5 It also requires vigilance on the part of internet intermediaries when such intentionally false information is disseminated online. On 7 March 2018, the Committee of Ministers adopted Recommendation CM/Rec(2018)2 on the roles and responsibilities of internet intermediaries, which sets out the conditions for restricting access to illegal content online, as determined by either national laws or judicial authorities, or by their own content-restriction policies or codes of ethics.
6 The Committee of Ministers would also like to warn of the risk of a violation of Article 10 of the European Convention on Human Rights (freedom of expression) when measures are taken to tackle intentionally false messages whose content is not illegal. In these cases, fact-checking methods to identify and neutralise these messages, coupled with the availability of quality journalism and an aware and responsive public, can effectively counter the lies and propaganda spread in cyberspace. The Council of Europe therefore supports initiatives aimed at developing users’ fact-checking capabilities so that they can flag possible false information. In addition, the Organisation promotes digital citizenship education and media and news literacy programmes for all age groups. Furthermore, the Committee of Ministers wishes to inform the Assembly that a standard-setting instrument to promote a favourable environment for quality journalism is currently being drafted, in accordance with the terms of reference it has given to the CDMSI for the period 2018-2019.

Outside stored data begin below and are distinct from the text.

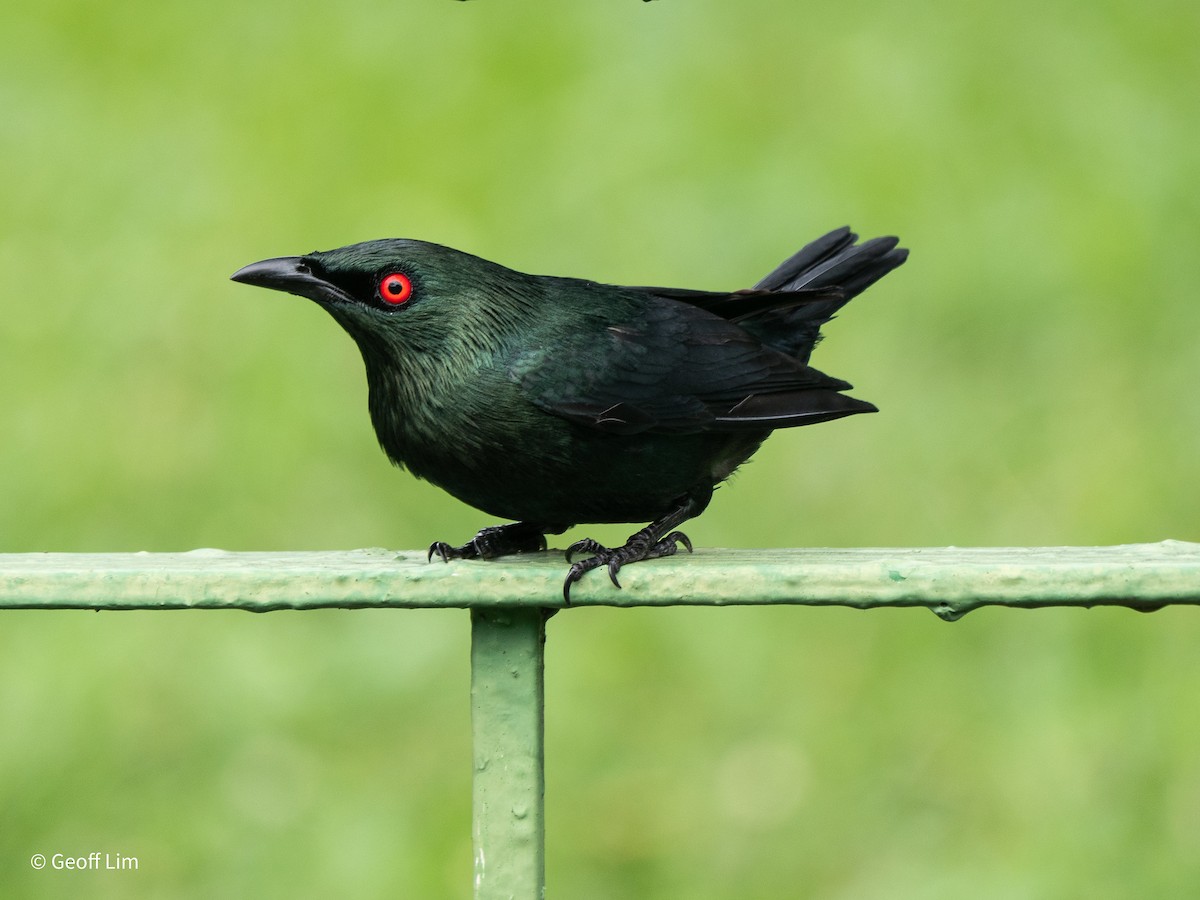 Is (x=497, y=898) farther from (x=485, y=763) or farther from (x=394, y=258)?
(x=394, y=258)

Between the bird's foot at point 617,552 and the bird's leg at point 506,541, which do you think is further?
the bird's leg at point 506,541

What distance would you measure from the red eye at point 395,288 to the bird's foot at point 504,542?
0.57 metres

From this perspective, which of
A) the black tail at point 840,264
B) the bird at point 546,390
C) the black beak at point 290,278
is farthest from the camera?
the black tail at point 840,264

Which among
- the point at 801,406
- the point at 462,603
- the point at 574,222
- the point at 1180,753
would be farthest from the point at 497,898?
the point at 574,222

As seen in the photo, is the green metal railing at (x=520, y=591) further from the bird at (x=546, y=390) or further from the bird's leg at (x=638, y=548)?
the bird at (x=546, y=390)

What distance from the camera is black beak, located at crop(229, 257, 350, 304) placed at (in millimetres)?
3654

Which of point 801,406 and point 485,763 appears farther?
point 801,406

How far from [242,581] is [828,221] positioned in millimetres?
5069

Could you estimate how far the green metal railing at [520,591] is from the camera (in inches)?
124

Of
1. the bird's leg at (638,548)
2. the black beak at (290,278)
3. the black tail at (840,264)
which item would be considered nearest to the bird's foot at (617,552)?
the bird's leg at (638,548)

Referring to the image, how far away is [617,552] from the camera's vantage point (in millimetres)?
3643

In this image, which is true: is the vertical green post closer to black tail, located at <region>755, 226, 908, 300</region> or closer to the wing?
the wing

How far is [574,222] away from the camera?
7.87 metres

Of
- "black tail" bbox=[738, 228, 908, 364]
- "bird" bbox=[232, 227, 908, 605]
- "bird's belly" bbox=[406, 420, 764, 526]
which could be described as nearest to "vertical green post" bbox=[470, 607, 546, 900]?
"bird" bbox=[232, 227, 908, 605] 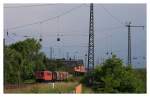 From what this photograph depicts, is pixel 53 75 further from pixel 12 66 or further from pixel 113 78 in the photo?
pixel 113 78

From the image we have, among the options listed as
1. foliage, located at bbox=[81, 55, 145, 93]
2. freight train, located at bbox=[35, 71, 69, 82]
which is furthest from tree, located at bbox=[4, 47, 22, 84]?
foliage, located at bbox=[81, 55, 145, 93]

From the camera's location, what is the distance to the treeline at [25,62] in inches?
362

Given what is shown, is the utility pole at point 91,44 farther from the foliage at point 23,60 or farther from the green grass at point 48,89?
the foliage at point 23,60

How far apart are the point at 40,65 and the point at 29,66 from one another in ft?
0.56

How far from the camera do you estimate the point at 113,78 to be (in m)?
9.30

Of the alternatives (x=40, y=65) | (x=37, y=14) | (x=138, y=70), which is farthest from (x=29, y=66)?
(x=138, y=70)

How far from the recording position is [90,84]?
9.32 metres

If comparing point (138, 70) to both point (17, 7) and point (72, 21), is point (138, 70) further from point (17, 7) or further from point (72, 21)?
point (17, 7)

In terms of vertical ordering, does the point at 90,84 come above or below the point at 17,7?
below

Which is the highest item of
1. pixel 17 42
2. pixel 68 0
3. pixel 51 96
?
pixel 68 0

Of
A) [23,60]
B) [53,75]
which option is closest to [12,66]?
[23,60]

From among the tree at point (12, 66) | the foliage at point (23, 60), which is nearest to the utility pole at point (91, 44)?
the foliage at point (23, 60)

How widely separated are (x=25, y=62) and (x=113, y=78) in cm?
135

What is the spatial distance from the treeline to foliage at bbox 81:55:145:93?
543 mm
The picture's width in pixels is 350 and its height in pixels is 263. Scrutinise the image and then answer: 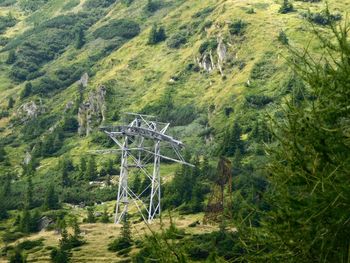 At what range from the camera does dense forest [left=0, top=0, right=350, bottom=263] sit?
9.54 metres

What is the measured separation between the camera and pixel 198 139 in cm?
11775

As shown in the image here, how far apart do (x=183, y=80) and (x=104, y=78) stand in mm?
25214

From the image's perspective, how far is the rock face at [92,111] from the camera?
14469cm

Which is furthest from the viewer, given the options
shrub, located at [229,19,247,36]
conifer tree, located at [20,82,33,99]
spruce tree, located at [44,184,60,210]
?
conifer tree, located at [20,82,33,99]

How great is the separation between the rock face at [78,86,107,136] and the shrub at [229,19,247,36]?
3442 cm

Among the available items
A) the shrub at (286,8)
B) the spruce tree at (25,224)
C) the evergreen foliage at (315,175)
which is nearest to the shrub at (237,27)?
the shrub at (286,8)

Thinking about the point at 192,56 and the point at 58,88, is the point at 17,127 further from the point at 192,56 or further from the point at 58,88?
the point at 192,56

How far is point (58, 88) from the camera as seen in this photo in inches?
6826

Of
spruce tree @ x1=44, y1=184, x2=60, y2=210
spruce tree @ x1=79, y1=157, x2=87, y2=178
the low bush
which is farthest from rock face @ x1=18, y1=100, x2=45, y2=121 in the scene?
spruce tree @ x1=44, y1=184, x2=60, y2=210

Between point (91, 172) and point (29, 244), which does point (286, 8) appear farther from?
point (29, 244)

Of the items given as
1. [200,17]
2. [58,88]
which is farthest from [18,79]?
[200,17]

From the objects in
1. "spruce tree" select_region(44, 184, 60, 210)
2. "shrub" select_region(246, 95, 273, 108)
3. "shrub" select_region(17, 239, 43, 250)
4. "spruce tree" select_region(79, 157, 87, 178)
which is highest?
"shrub" select_region(17, 239, 43, 250)

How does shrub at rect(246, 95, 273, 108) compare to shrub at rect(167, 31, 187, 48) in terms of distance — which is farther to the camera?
shrub at rect(167, 31, 187, 48)

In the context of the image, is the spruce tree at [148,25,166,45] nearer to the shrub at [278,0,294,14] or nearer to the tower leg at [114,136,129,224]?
the shrub at [278,0,294,14] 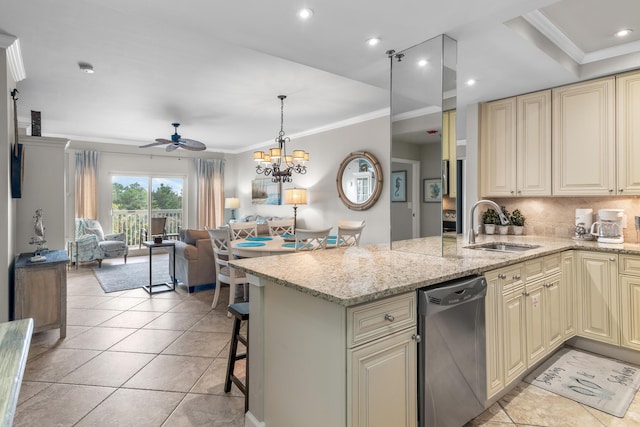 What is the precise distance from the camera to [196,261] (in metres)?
4.79

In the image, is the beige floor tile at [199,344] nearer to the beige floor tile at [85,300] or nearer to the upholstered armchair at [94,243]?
the beige floor tile at [85,300]

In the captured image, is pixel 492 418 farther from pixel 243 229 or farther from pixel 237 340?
pixel 243 229

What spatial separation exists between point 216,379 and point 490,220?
3222 millimetres

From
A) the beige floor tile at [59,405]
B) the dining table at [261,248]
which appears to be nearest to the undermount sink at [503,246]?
the dining table at [261,248]

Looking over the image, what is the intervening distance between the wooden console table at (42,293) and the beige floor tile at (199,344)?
1.14 metres

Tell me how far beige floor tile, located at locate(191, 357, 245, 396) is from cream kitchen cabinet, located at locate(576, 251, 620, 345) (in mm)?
2814

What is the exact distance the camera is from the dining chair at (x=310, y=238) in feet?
11.7

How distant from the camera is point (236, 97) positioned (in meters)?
4.69

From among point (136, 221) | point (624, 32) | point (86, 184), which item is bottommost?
point (136, 221)

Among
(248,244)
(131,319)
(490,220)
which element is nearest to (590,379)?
(490,220)

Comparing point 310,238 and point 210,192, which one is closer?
point 310,238

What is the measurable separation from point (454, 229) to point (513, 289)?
536 mm

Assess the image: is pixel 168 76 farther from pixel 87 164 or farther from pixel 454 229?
pixel 87 164

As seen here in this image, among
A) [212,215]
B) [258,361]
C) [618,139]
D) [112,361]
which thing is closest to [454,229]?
[258,361]
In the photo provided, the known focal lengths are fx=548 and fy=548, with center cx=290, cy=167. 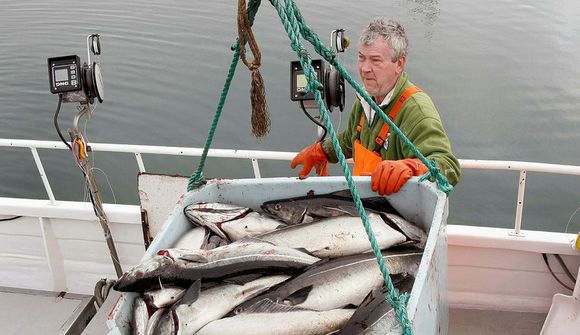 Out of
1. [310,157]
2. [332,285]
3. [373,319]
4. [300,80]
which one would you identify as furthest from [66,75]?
[373,319]

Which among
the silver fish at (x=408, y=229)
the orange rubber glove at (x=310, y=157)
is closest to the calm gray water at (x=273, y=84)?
the orange rubber glove at (x=310, y=157)

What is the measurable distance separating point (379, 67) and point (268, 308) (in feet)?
5.14

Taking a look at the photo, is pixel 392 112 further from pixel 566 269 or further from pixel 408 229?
pixel 566 269

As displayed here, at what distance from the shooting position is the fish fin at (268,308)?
68.8 inches

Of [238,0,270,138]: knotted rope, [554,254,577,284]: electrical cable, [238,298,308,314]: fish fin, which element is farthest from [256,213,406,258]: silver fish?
[554,254,577,284]: electrical cable

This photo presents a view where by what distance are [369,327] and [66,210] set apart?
118 inches

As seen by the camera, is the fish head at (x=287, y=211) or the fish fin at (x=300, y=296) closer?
the fish fin at (x=300, y=296)

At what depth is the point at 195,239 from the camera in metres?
2.12

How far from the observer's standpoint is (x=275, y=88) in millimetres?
10453

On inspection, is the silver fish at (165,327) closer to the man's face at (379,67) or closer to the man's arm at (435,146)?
→ the man's arm at (435,146)

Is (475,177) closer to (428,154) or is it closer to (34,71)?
(428,154)

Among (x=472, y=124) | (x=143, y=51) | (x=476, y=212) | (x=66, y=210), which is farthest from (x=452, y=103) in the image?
(x=66, y=210)

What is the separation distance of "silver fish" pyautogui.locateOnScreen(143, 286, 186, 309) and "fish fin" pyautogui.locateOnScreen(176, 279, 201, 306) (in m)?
0.05

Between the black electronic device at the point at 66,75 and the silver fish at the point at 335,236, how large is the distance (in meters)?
1.86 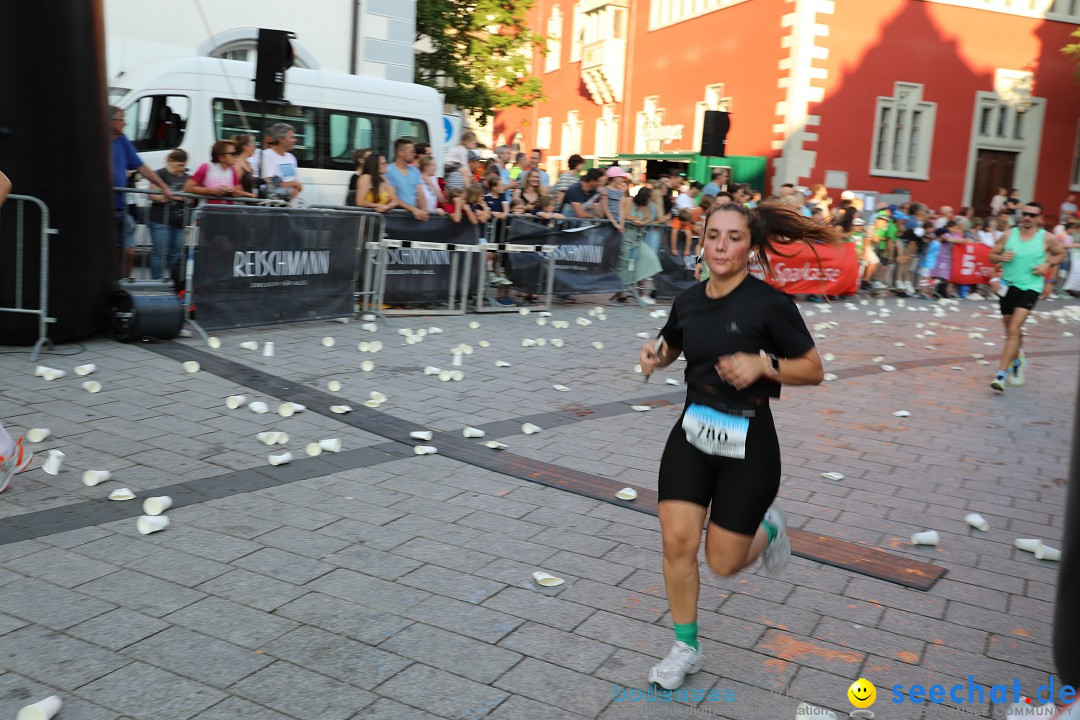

7 With regard to electoral processes, the Committee of Ministers refers to its Recommendation CM/Rec(2007)15 on measures concerning media coverage of election campaigns. This recommendation contains guidelines for media coverage of election campaigns in full respect of Article 10 of the European Convention on Human Rights. However, the Committee of Ministers is aware that, faced with the changing media landscape, and in particular the arrival of social media, existing electoral campaign regulations must be adapted to this new environment. A 2017 Council of Europe study on “the use of internet in election campaigns” concluded that current regulations cannot ensure a level playing field between all political stakeholders nor fully ensure the integrity, fairness and legitimacy of the electoral process. This study identifies a number of areas where problems have emerged as a result of the digitalisation of electoral campaigning and recommends that the regulations in this area be updated. The CDMSI has accordingly informed the Committee of Ministers of its support for a revision of Recommendation CM/Rec(2007)15 to include social media platforms, as recommended by the Assembly (paragraph 2.2 of the Recommendation).
8 In conclusion, the Committee of Ministers takes note of the Assembly’s proposal to give thought to a new convention on the non-military aspects of “hybrid war” (paragraph 2.1 of the Recommendation) but considers, in view of the existing legal framework and the work in progress in the relevant committees, that it would be premature at this stage to draw up such a text. On the other hand, it agrees that it would be appropriate to revise its Recommendation CM/Rec(2007)15 to include social media platforms and instructs its Steering Committee on Media and Information Society to put forward proposals in this regard.